Es. Considerando una valvola 807, pentodo e un blasonata 2A3 triodo famosissimo, ricercato e stracostoso. Salvo piccole differenze lavorano con la stessa tensione anodica, la stessa corrente e hanno dimensioni simili .Quindi hanno bisogno di una corrente di alimentazione praticamente uguale . Sto parlando di circuiti in classe “A” singlended. Però il rendimento e molto diverso, com’è ovvio dato che la figura di merito e diversa tra un triodo e un pentodo. Pertanto il triodo 2A3 avrà una potenza d’uscita di circa 3,2 W con una distorsione dell’8% , come si deduce dai data-sheet. A parità di corrente e tensione anodica il pentodo 807 avrà 12 W con il 10% di distorsione. Domanda: che valore avrà la distorsione dell807 a 3,2 Watt? Essendo in classe “A”, presumo che sia inferiore all’1%, direi intorno allo 0,7-0,8%. Ciò perché nell’amplificatore in classe “A” la distorsione scende rapidamente man mano che ci si allontana dalla massima uscita.

Allora la mia domanda e questa : preferite  un pentodo allo 0.8% di distorsione oppure un triodo all'8’% sia pure di seconda armonica, a parità di potenza?  A voi la risposata.

 

 

 Ma tornando a noi dovremmo  quindi utilizzare valvole selezionate per avere gli stessi valori.

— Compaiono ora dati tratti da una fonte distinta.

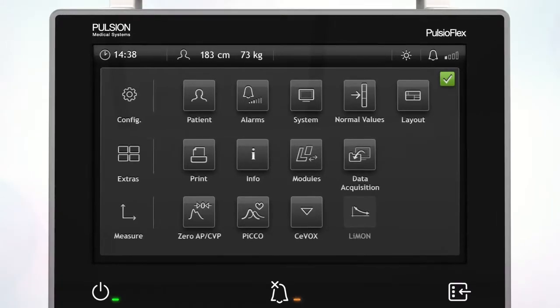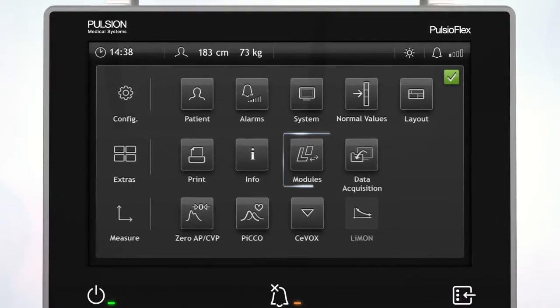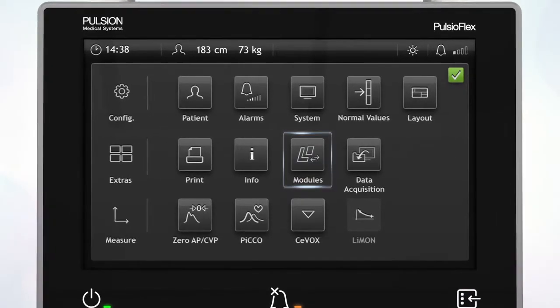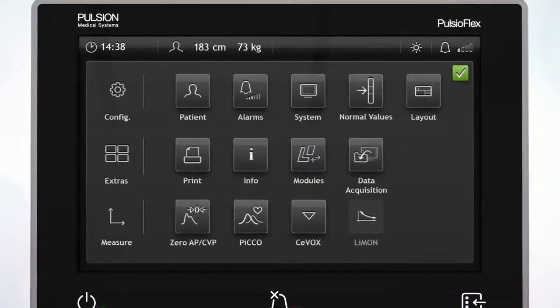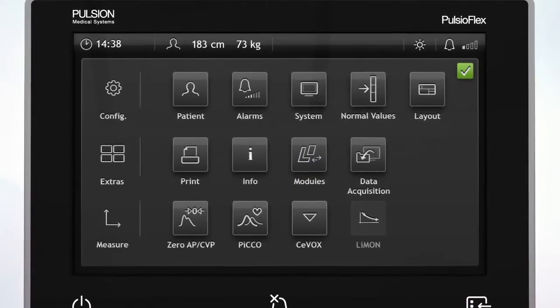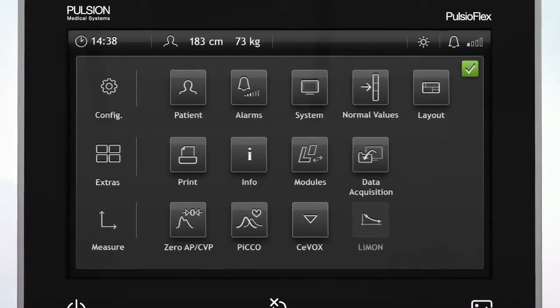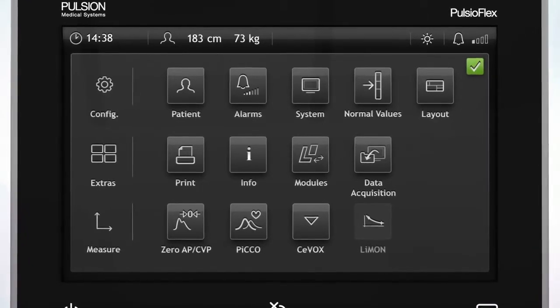When the PROACT and PICO are connected to the PulsioFlex device, you can choose here which technology the measurements are done with.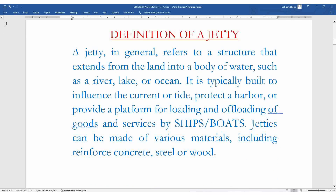Definition of a jetty: a jetty in general refers to a structure that extends from the land into a body of water such as a river, lake, or ocean. It is typically built to influence the current or tide, protect a harbor, or provide a platform for loading and offloading of goods and services by ships or boats. Jetties can be made of various materials including reinforced concrete, steel, or wood.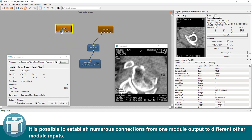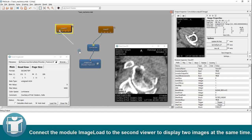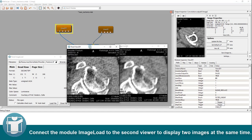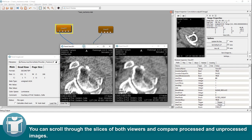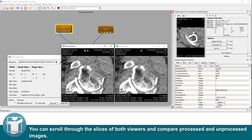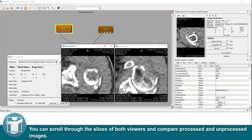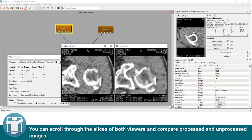It is possible to establish numerous connections from one module output to different other module inputs. Connect the module image load to the second viewer to display two images at the same time. You can scroll through the slices of both viewers and compare processed and unprocessed images.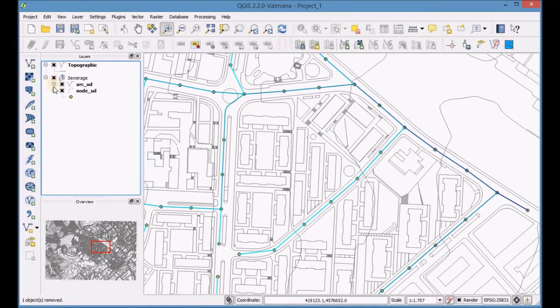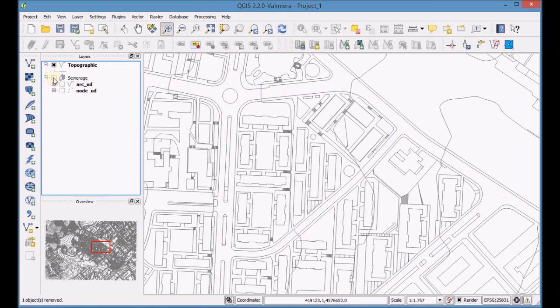Hide the sewage layers and zoom to layer extent in the group of layers.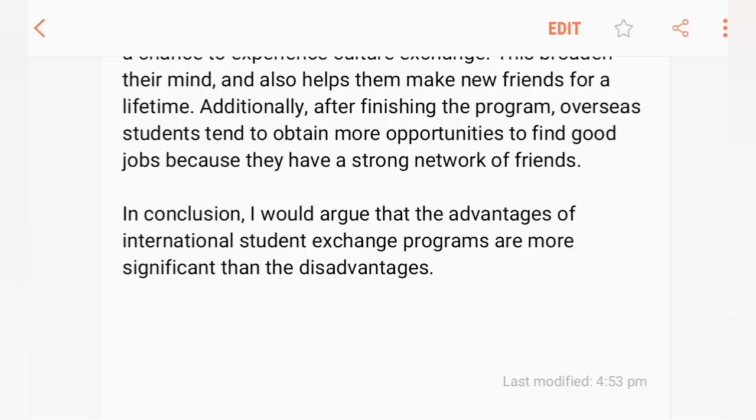So this was our Task 2 which came in the exam held on 1st of June.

Una volta seguita questa operazione  possiamo passare al controllo dei vari potenziomentri sul pannello interno anteriore preoccupandoci di spruzzare del disossidante protettivo per circuiti

Per migliorarne lo scorrimento e la conduttibilità dell’impasto resistivo dove scorre la lamina di variazione. A questo punto con un Prova valvole anche ad emissione controlliamo i valori delle valvole di ingresso ed eventualmente la sostituiamo con delle originali Mullard, maglio se della serie CV o militare.( la durata da 8000/9000 ore, passa a ben 20.000 con un rumorosità nettamente inferiore dovuta all’alta qualità dei materiali impieagati).

 

 

 

Fatto tutto ciò possiamo passare alla prova strumenti con relativo ferquenziometro ed oscilloscopio,

Sia per la verifica dell’equità di segnale ne due canali sia per valutarne eventuali difetti in ordine di ingresso o di fase. ( Tutto ciò in ogni caso va eseguito sapendo bene come si fa e conoscendo a fondo la propria strumentazione di verifica a disposizione). Meglio ancora se abbiamo a disposizione schema elettrico ed eventuali caratteristiche elettriche.

 

Suono

 

Devo dire che sono rimasto notevolmete colpito dalla dinamica di questo apparecchio sia per la trasparenza che per l’equilibratura in tutta la sua gamma riproduttiva. Sebbene adotta valvole non progettate per scopi audio. Il circuito evidentemente studiato a dovere a fatto rendere al massimo

 

I tubi impiegati sono rispettivamente ECL86 finali, ECC81, ECC83 per la   sez. preamplificatrice.